Additionally, commercial steam vapor systems greatly reduce the potential for surface-to-surface or room-to-room cross-contamination because the cleaning tool remains very hot.

This is in contrast to traditional approaches, which may actually spread pathogens from one surface to the next if the disinfectant becomes overused or is inactivated.

Another reason disinfectants sometimes fail in the field is that some lack efficacy against problematic microorganisms.

Most EPA-registered chemical disinfectants are efficacious against "typical" gram-negative and gram-positive bacteria, such as Escherichia coli (E. coli) and Staph.

However, a great many EPA-registered products lack efficacy against certain viruses, including norovirus, and bacterial endospores.

As such, it is important to recognize these deficiencies to prevent normal disinfection activities from making contamination problems worse by spreading problematic microorganisms around the facility.

A traditional approach to expanding the breadth of kill spectrum is to rotate bleach into the disinfection regimen.

Bleach is a well-known broad-spectrum disinfectant that is effective against virtually all microorganisms, including norovirus and Clostridium difficile (C. diff).

However, bleach can discolor some surfaces and cause respiratory problems in workers and sensitive populations.

If chemical irritancy is of concern, then newer steam vapor systems may prove valuable, since heat works broadly across most groups of microorganisms.

Careful And Complete Cleaning

Another main reason disinfectants sometimes fail in the field is that staffs simply don''t clean all the surfaces.
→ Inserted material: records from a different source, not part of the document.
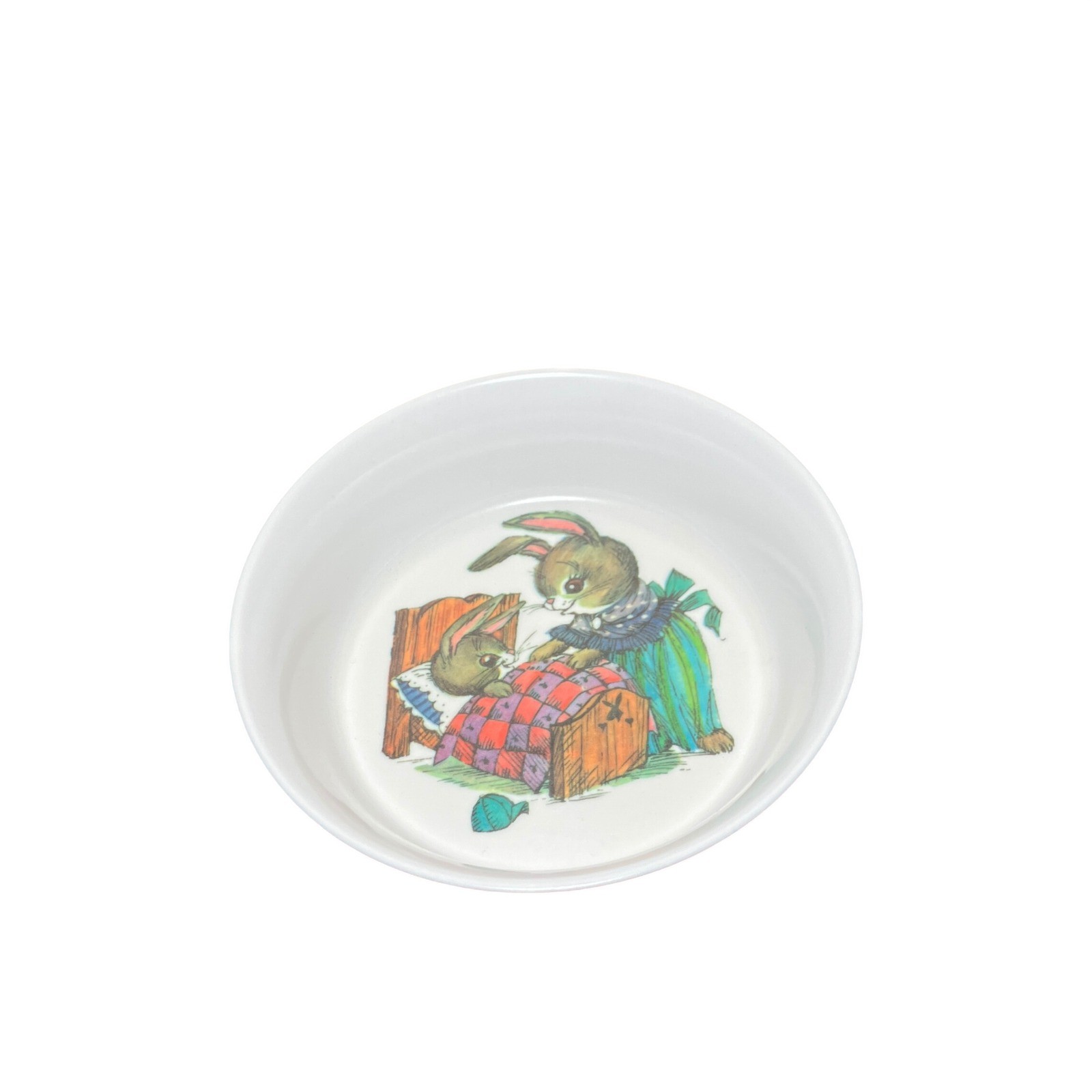SiLite Melmac Peter Rabbit Bowl White Vintage MCM Chicago 1960 mid century gallery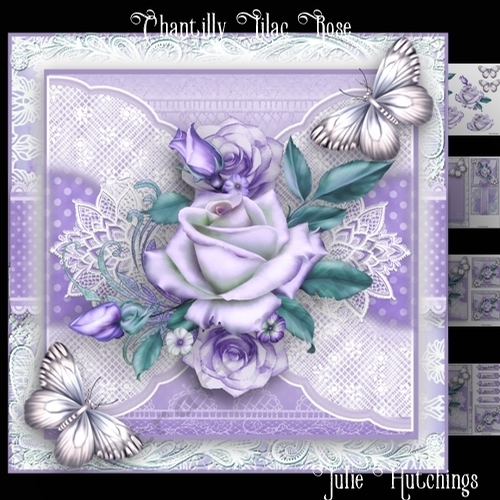 chantilly Lilac Rose Card Front Kit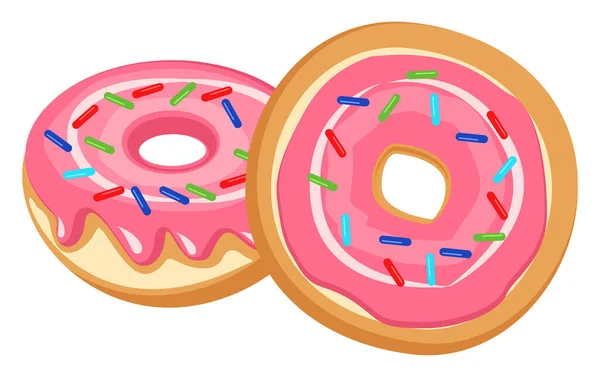 Geglazuurde Donut Illustratie Vector Witte Achtergrond — Stockvector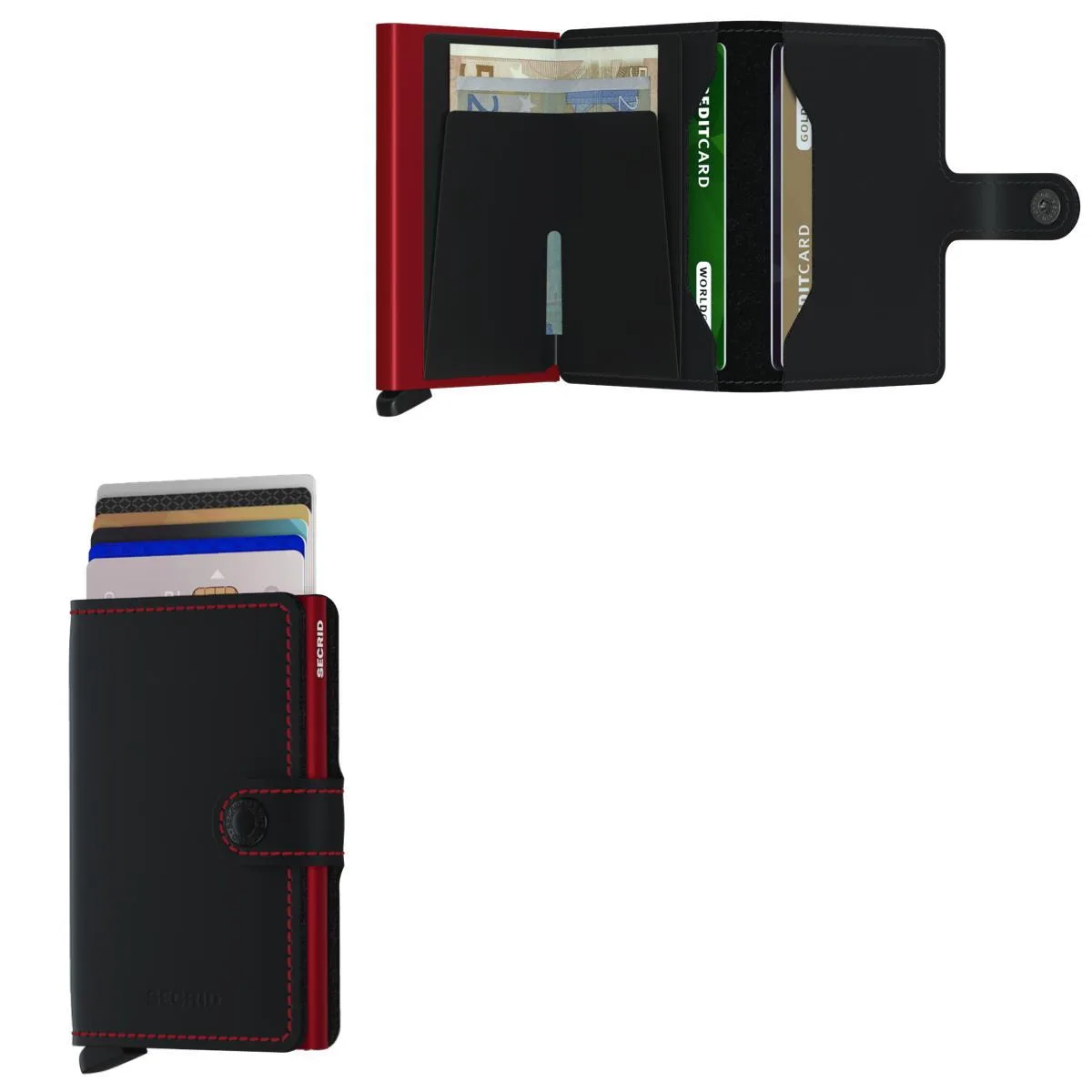 Secrid Miniwallet Matte Leather - Black/Red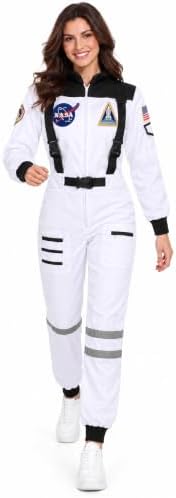 Women's Astronaut Costume, Adult Space Jumpsuit for Halloween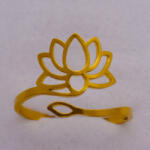 Prémiumékszer Webáruház Nemesacél Arany Színű Állítható Méretű Lótuszvirágos Női Gyűrű (GYG003)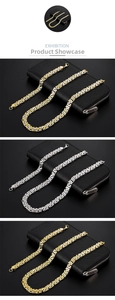 Detailed macro view of Byzantine chain necklace in gold, silver, and dual-tone steel finishes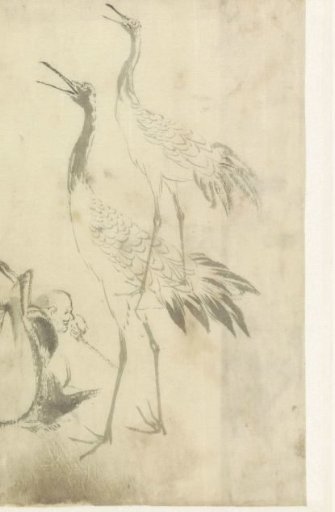 Sketch sheet with two cranes and a man with a knapsack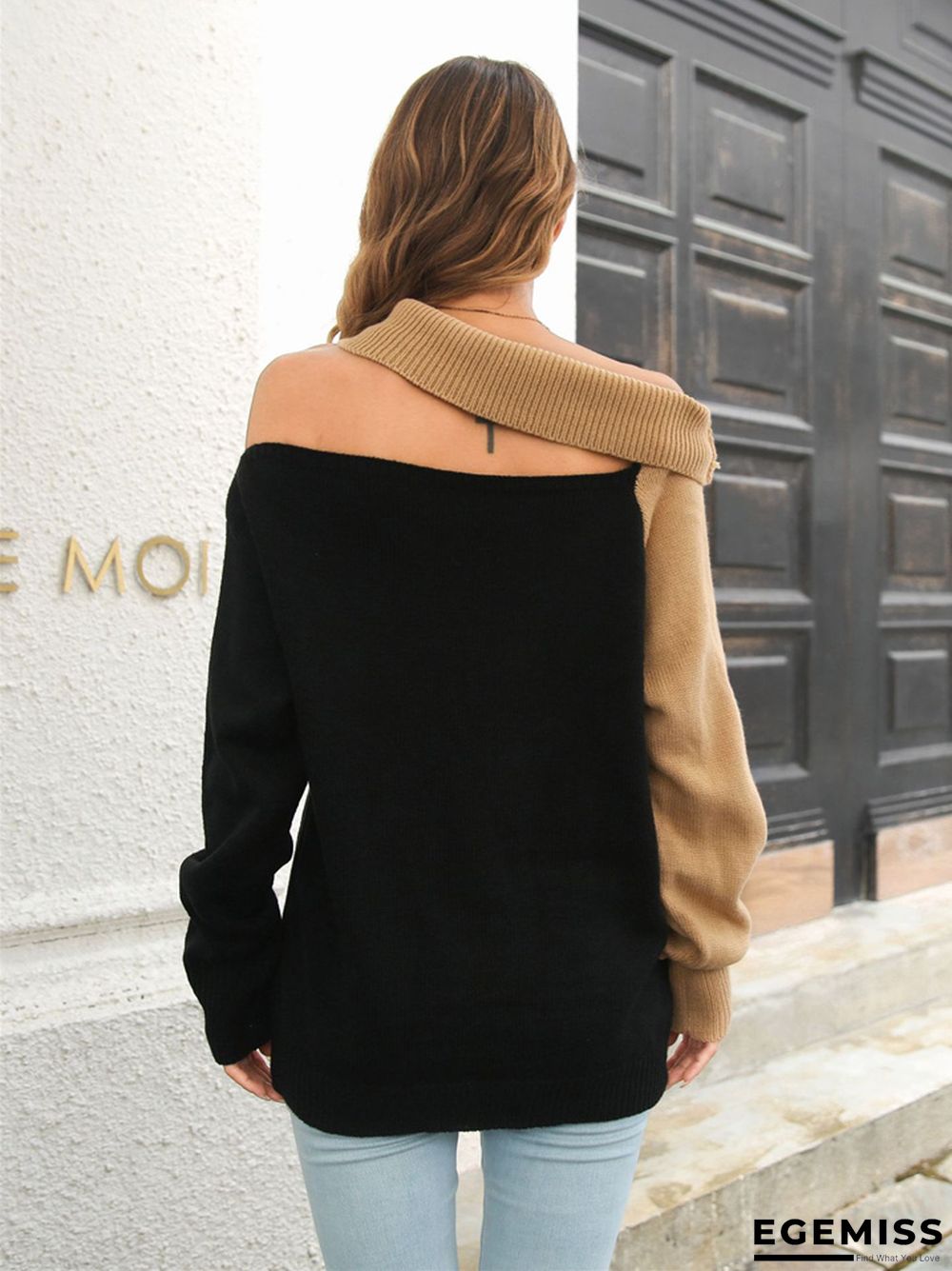 Design Sense of A Word Neck Loose Long Sleeve Knit Sweater | EGEMISS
A recent study published in 2008 by Carling et al. from Caritas Carney Hospital reported that, on average, 49 percent of frequently touched surfaces in 23 acute care hospitals were not cleaned during terminal cleaning.

Because terminal cleaning and disinfection are well understood, it is reasonable to think the Carling study is representative of nationwide practices and that about half of surfaces that should be cleaned in health care facilities are regularly skipped or missed.

This suggests missed areas may be a major cause of disinfection failures in the field.

New whole-room chemical fogging and ultraviolet (UV) light disinfection technologies may provide a solution to the problem of surfaces skipped during cleaning.

Chemical fogging, such as with hydrogen peroxide gas, carries the advantage of disinfecting all surfaces in a room at once.

One well-studied device uses a pulsed UV technology to decontaminate rooms in minutes.

Laboratory and hospital studies indicate that even indirect exposure of surfaces to the pulsed UV light carries a substantial sanitization benefit.

Both of these new technologies will sanitize easy-to-miss surfaces, but both must be used in combination with cleaning since neither has the benefit of soil removal.

To help control outbreaks within facilities, cleaning professionals would do well to focus on the efficacy of the methods and technologies they are using to control pathogens.

Given the challenges of achieving consistent and effective surface disinfection using traditional liquid disinfectants alone, complementing these approaches with newer technologies may provide a valuable integrated solution to help protect public health better than any one method in isolation.

Dr. Benjamin Tanner is the principal of Antimicrobial Test Laboratories, an independent testing facility specializing in the research and development of antimicrobials, including disinfectants. Dr. Tanner holds a B.S. in Molecular Biology and a Ph.D. in Microbiology and Immunology from the University of Arizona, where he studied environmentally mediated disease transmission and assessed infection risks for workers.